You know you’re capable of great work. What gives?
Motivation burns hot at some points during a career, and runs like molasses uphill at others.
When the occasional case of demotivation turns into a real problem of suffering work, weeks of disengagement, and listlessly staring at your to-do list, it’s time to shake things up. Here are a few ideas to get started:
Not everyone loves what they do. It might even be safe to assume that most of us aren’t doing jobs that make us leap out of bed trailing rainbows of purpose. But somehow, we’ve had the “Do what you love” mantra setting such a high bar that a daily grind ends in a grinding stop.
Blinkist cofounder Sebastian Klein sums up the “passion trap”:
People with the passion mindset ask “What do I really want?” which breeds an obsession with whether or not a job is “right” for them. They become minutely aware of everything they dislike about their work and their job satisfaction and happiness plummets.
Should you pursuing a passion that brings an amazing socially conscious businesses into the world? Of course. But settling for nothing less that what you absolutely love is a great way to burn out.

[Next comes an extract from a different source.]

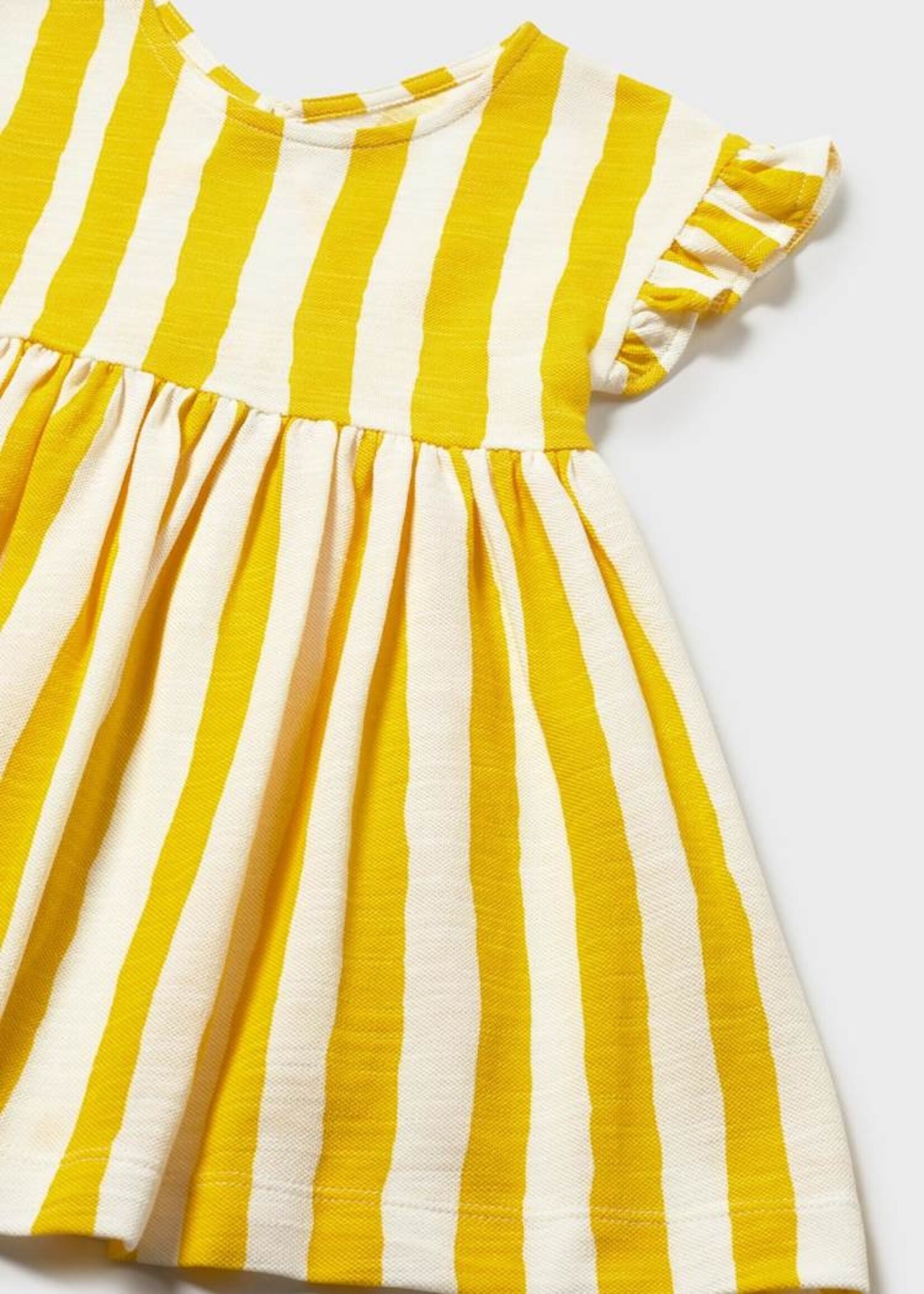 Mayoral Baby Girl Yellow Stripe Dress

Looking around at all of your peers doing it better, faster, and more special-snowflake-awesome than you is discouraging. If you’ve forgotten what sets you apart, it’s time to reevaluate. Leadership coach Lolly Daskal suggests asking yourself these questions:
- What talents do I have?
- What do people come to me for advice about?
- What are my strong points?
If those are too tough to answer, reach out to a friend or mentor who can remind you.

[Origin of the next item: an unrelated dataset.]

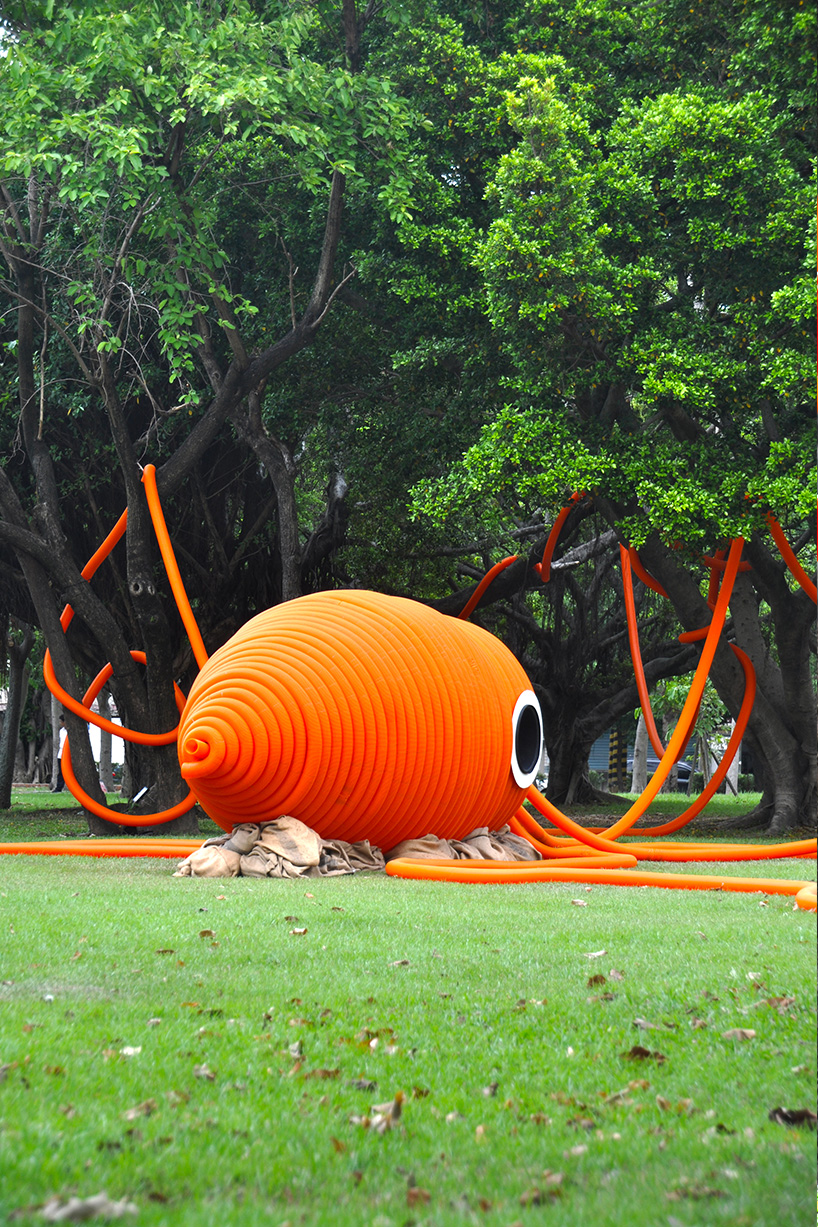 kraki the giant squid sprawls its lengthy tentacles at the 2017 taipei public arts festival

“I wish I could skip to Friday.” Those words that ring true for most of us, at some point. If you’re wishing the days away, just to reach the end of the project from hell, get some perspective. Psychologist Art Markman suggests “mental time travel.” Look back at the past few years and consider what opportunities you regret missing. Don’t dwell there: Fast-forward to years in the future, where you can imagine feeling the same way about whatever decision you’re dragging your feet on today.
Anticipating future angst based on past mistakes is a form of intuition-honing–which, in itself, can spur action. Guilt is a great motivator… but so is the anticipation of feeling accomplished.
Ranting feels good. Yet, we know that venting frustrations actually makes you feel worse in the long run, but in the short term, giving your frustrations a few moments to breathe lets you unburden–whether it’s on a confidant or a piece of paper no one will ever see. Once your reasons for being stuck are laid out in front of you, they might not seem so insurmountable.
Hard, boring parts of the job are, well, part of the job. Or, as writer Gwen Moran puts it:
You may be doing some rote job, but perhaps it gives you a few hours away from the phone so you can think. Perhaps you have to have a difficult conversation, but once it’s done, you will have taken a step toward solving a problem.
You can turn this around on yourself, too. Accepting that you suck at some things, and excel in others, means accepting that a motivation-lull is part of the process.